Действительно ли плач – такая уж слабость? Действительно ли оборона до последнего – такая уж доблесть?
Отдав ключи от Альгамбры, Боабдил укрылся на юге. Католические монархи предоставили ему поместье, но даже его продал у него за спиной приближенный, которому он доверял как себе. Властелин превратился в шута. Он кончил жизнь в бою, сражаясь под флагом какого-то мелкого правителя.
Евреи тоже в 1492 году двинулись на юг. Корабли, увозящие гонимых евреев, запрудили Кадисскую гавань, вынудив другого путешественника, Колумба, отплыть из Палоса. Евреи перестали ковать толедскую сталь; Кастили отправились в Индию. Но не все евреи уехали в одно время. Зогойби, припомним, отстали от Кастилей на двадцать два года. Что произошло? Где они прятались?
– Не торопись, сынок; всему свое время.
Молодой Авраам научился скрытности от матери и к изрядному неудовольствию маленькой группы потенциальных невест жил сам по себе, проводил время главным образом в деловой части города, а в еврейском квартале, и особенно в синагоге, старался бывать как можно реже. Он работал сначала у Моше Когена, затем поступил к да Гамам помощником клерка, и хотя он был исполнительным работником и быстро начал продвигаться по службе, что-то в его облике говорило об иных возможностях, и благодаря его отрешенной красоте ему нередко прочили будущность гения, возможно – того самого великого поэта, о котором кочинское еврейство всегда мечтало и которого никак не могло произвести на свет. Источником большинства этих умозрительных предвосхищений была Сара, крупная телом и довольно волосатая племянница Моше Когена, ожидавшая, подобно неоткрытому субконтиненту, когда же, наконец, Авраамово судно войдет в ее тихую гавань. Но, сказать по правде, Авраам был лишен каких бы то ни было артистических дарований. Намного родственней ему был мир чисел, особенно чисел работающих: литературу ему заменял балансовый отчет, музыку – хрупкая гармония производства и объема продаж, а пахучий склад был его храмом. О короне и кинжале в деревянном сундучке он никому не обмолвился даже словом, и поэтому никто не понимал, откуда у него этот облик изгнанного монарха, а между тем с течением лет он скрытно проник в тайны своей родословной, выучив по книгам испанский и разобравшись в письменах на прошитых бечевкой страницах старой записной книжки; и вот наконец, освещаемый вечерним оранжевым солнцем, он водрузил корону себе на голову и предстал перед матерью во всей родовой срамоте.

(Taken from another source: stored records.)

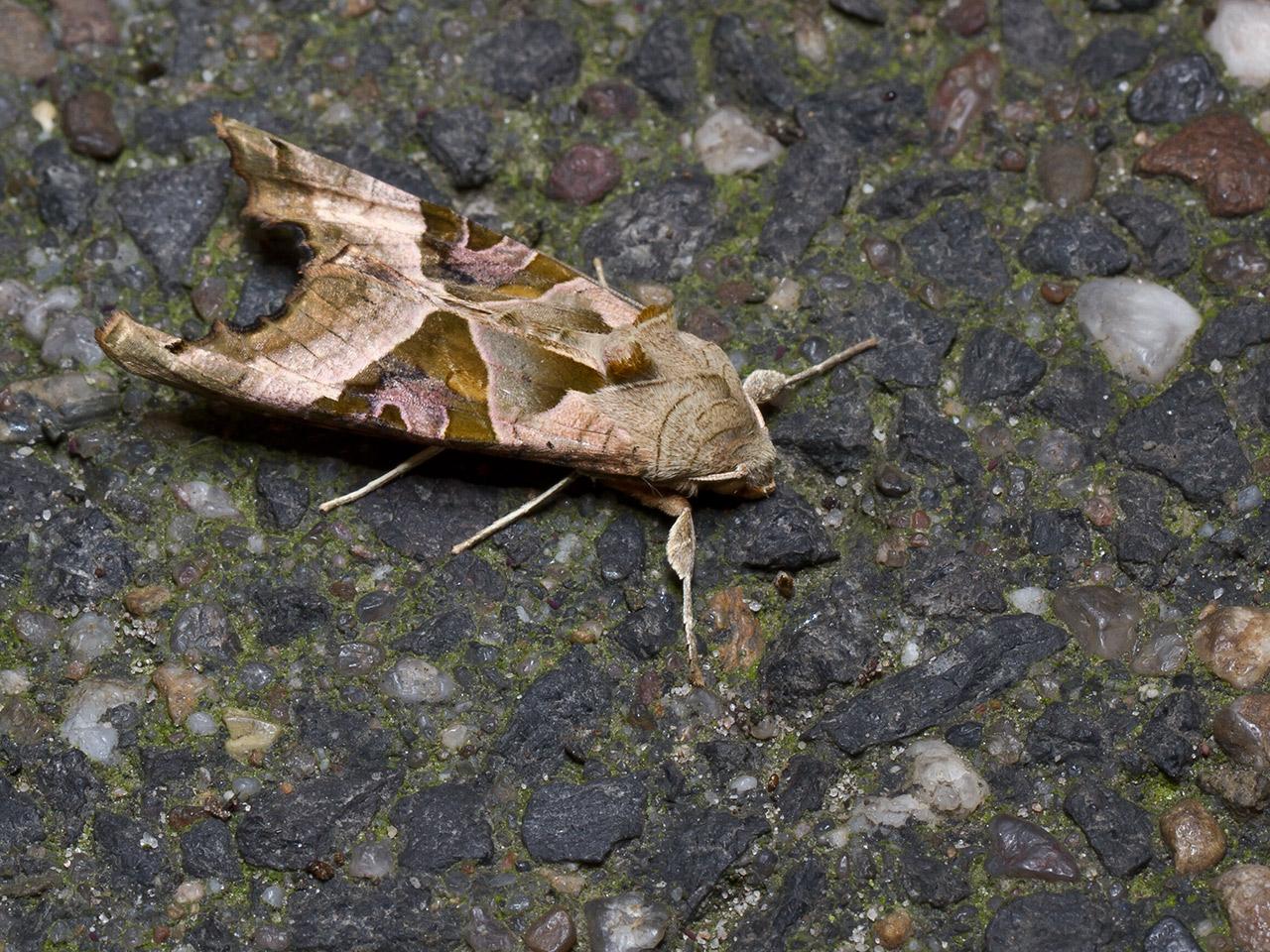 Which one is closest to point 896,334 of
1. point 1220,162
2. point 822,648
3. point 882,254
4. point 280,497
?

Снаружи в толпе, собравшейся на еврейской улочке, разрастался ропот. Моше Коген, как глава общины, наконец решился войти в синагогу и стать посредником между враждующими матерью и сыном, ибо тут место молитвы, а не ссор; его племянница Сара следовала за ним, и сердце ее медленно трескалось под грузом знания о том, что обширное поле ее любви навсегда останется пустошью, что предательское увлечение Авраама иноверкой Ауророй обрекает ее на вечный ад девичества, на шитье ненужных ползунков и юбочек, голубых и розовых, для младенцев, которые никогда не отяжелят ее утробу.